● Assigned task
Although the entries contain pictures, the copy should hold only their exact text.

● Given data
-------

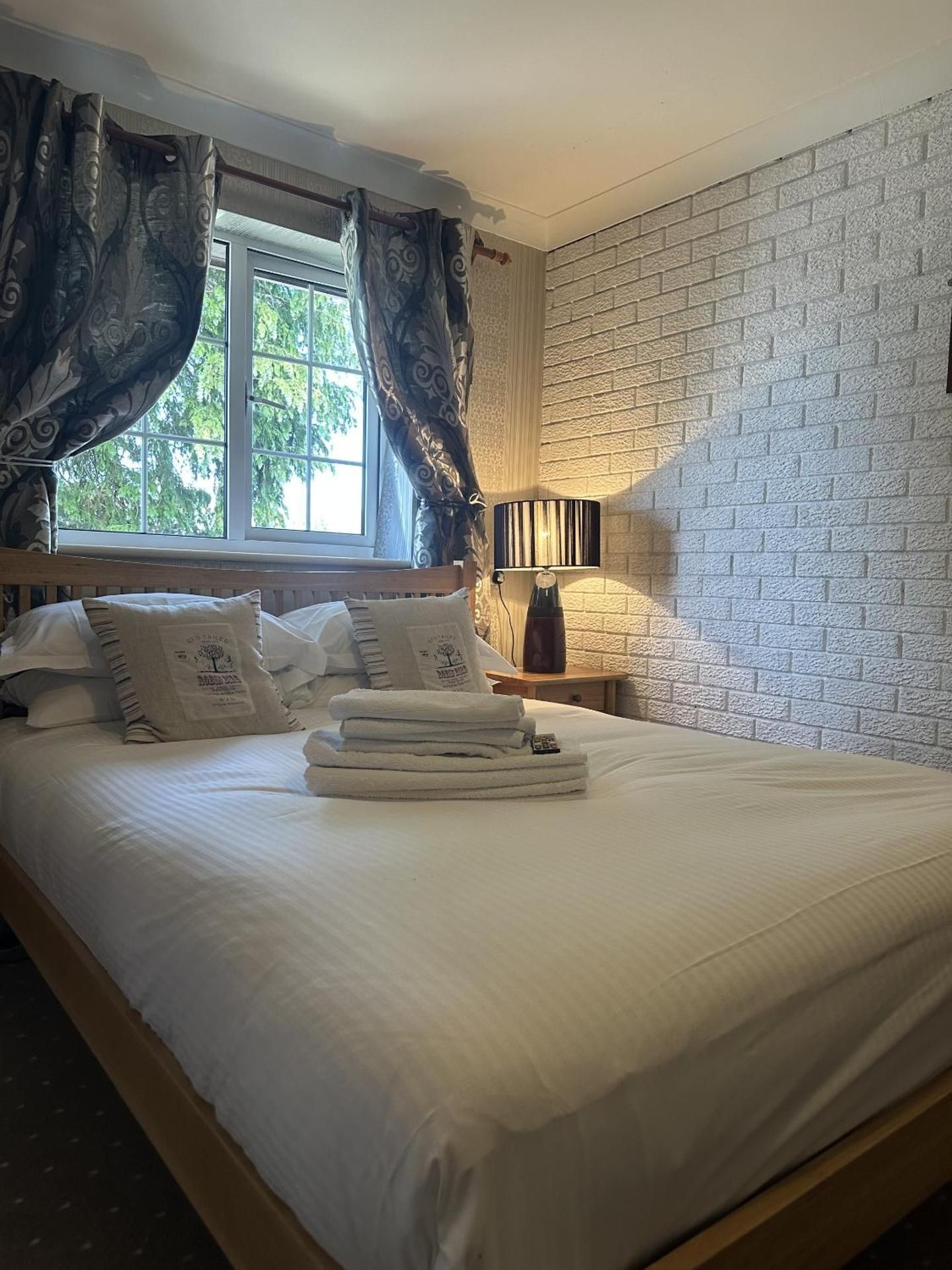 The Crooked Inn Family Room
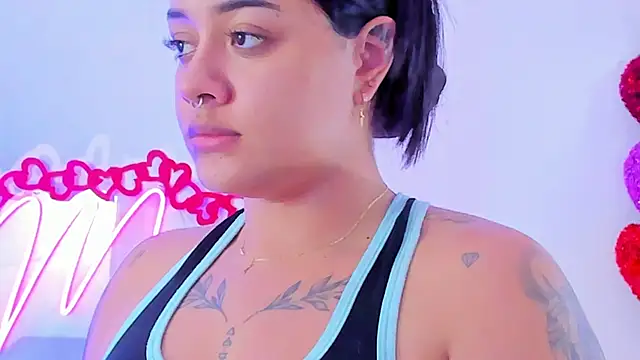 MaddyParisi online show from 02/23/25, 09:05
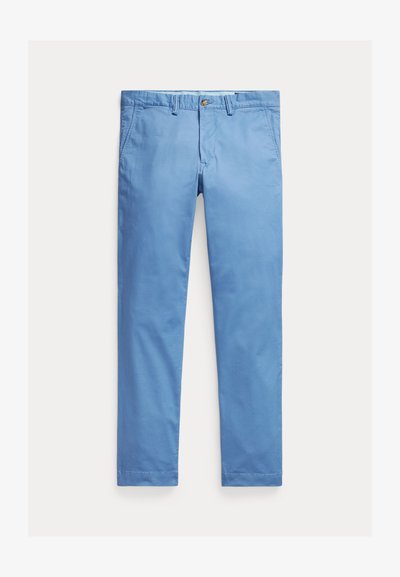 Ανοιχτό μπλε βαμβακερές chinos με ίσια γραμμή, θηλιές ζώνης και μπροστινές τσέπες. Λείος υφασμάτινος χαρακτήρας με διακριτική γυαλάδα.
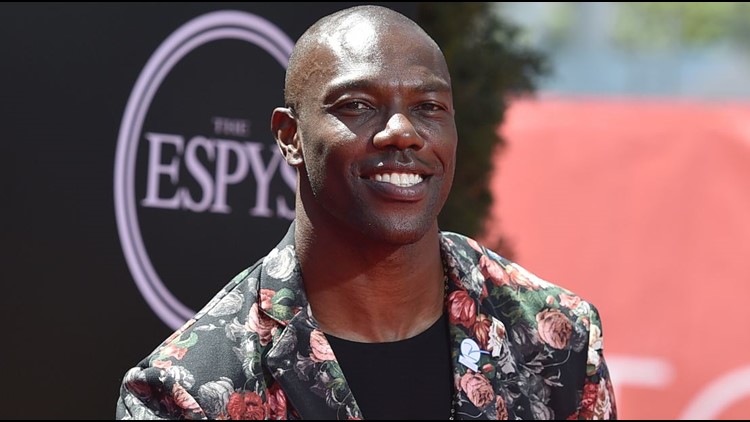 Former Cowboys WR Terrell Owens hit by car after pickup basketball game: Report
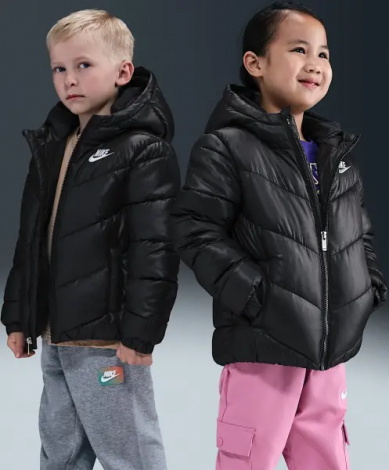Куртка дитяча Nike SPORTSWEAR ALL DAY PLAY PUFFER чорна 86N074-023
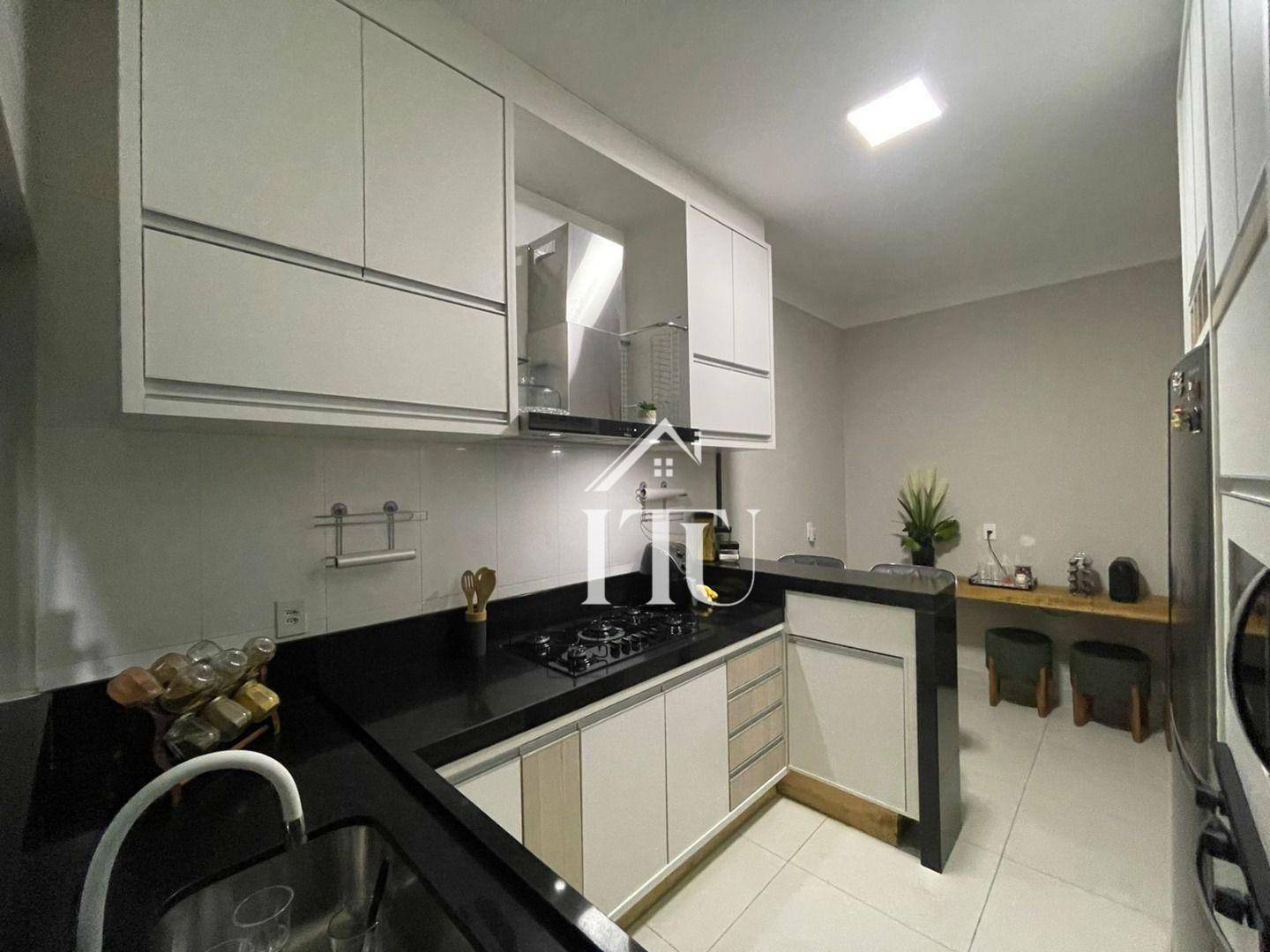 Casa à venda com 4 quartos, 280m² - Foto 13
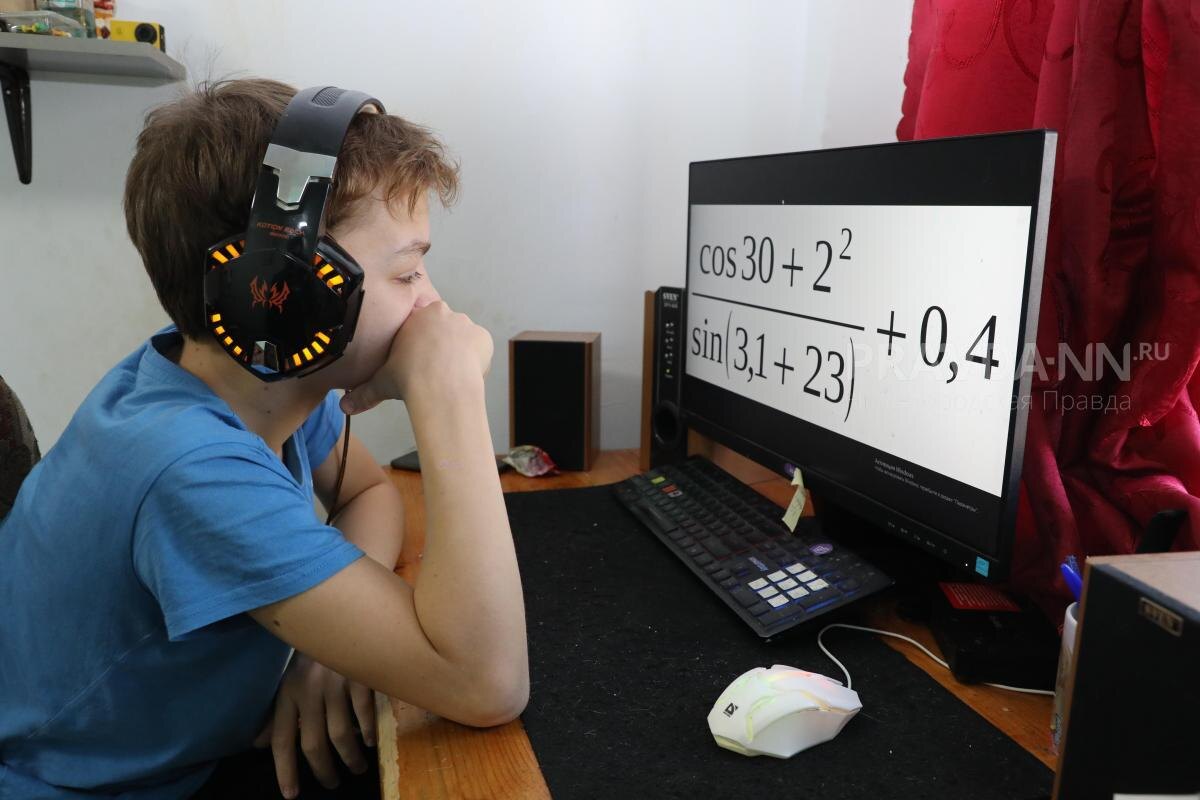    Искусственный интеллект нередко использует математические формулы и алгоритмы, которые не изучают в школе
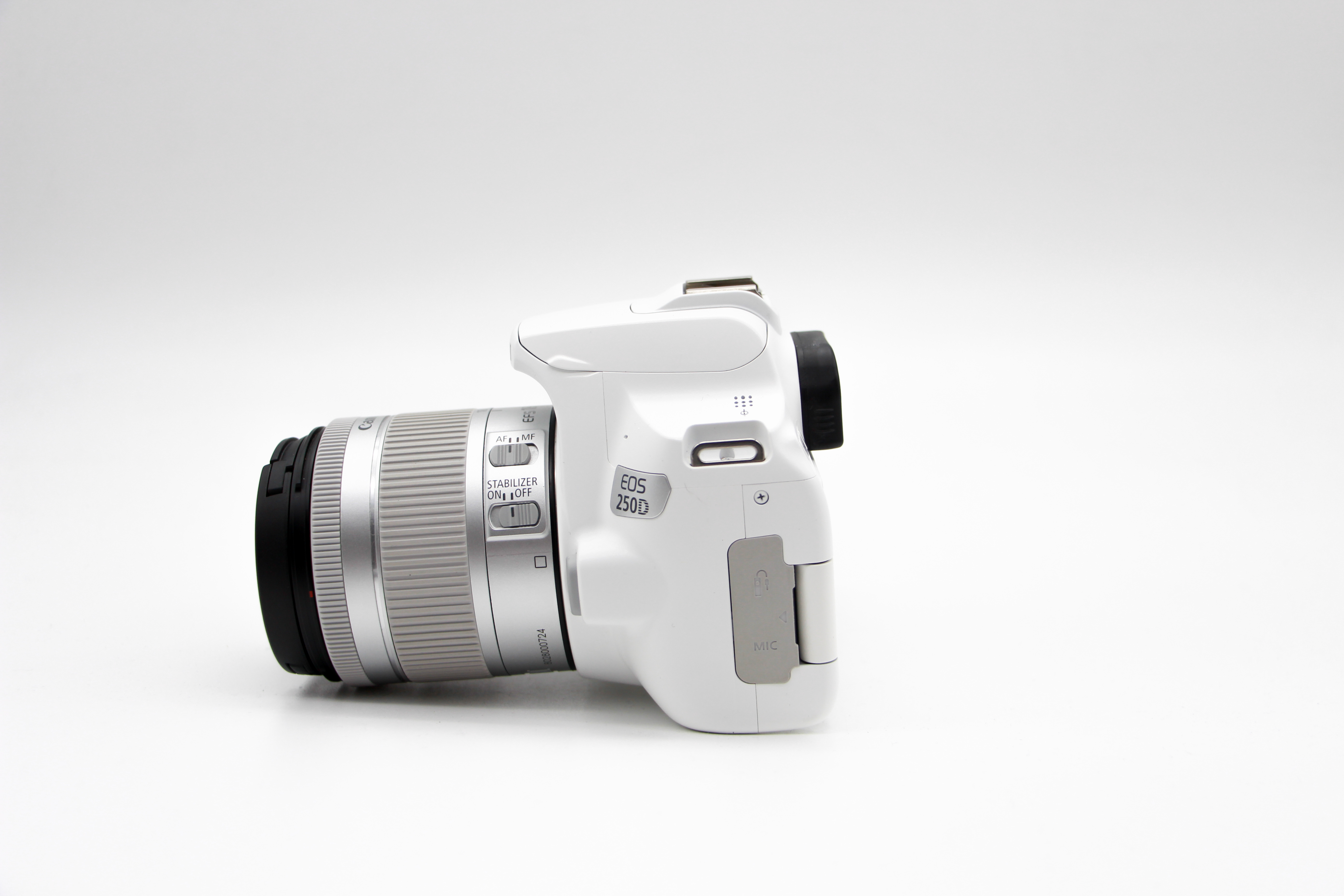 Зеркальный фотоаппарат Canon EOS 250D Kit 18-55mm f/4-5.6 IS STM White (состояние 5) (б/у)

-------

● Result
 The Crooked Inn Family Room
 MaddyParisi online show from 02/23/25, 09:05
 Ανοιχτό μπλε βαμβακερές chinos με ίσια γραμμή, θηλιές ζώνης και μπροστινές τσέπες. Λείος υφασμάτινος χαρακτήρας με διακριτική γυαλάδα.
 Former Cowboys WR Terrell Owens hit by car after pickup basketball game: Report
Куртка дитяча Nike SPORTSWEAR ALL DAY PLAY PUFFER чорна 86N074-023
 Casa à venda com 4 quartos, 280m² - Foto 13
    Искусственный интеллект нередко использует математические формулы и алгоритмы, которые не изучают в школе
 Зеркальный фотоаппарат Canon EOS 250D Kit 18-55mm f/4-5.6 IS STM White (состояние 5) (б/у)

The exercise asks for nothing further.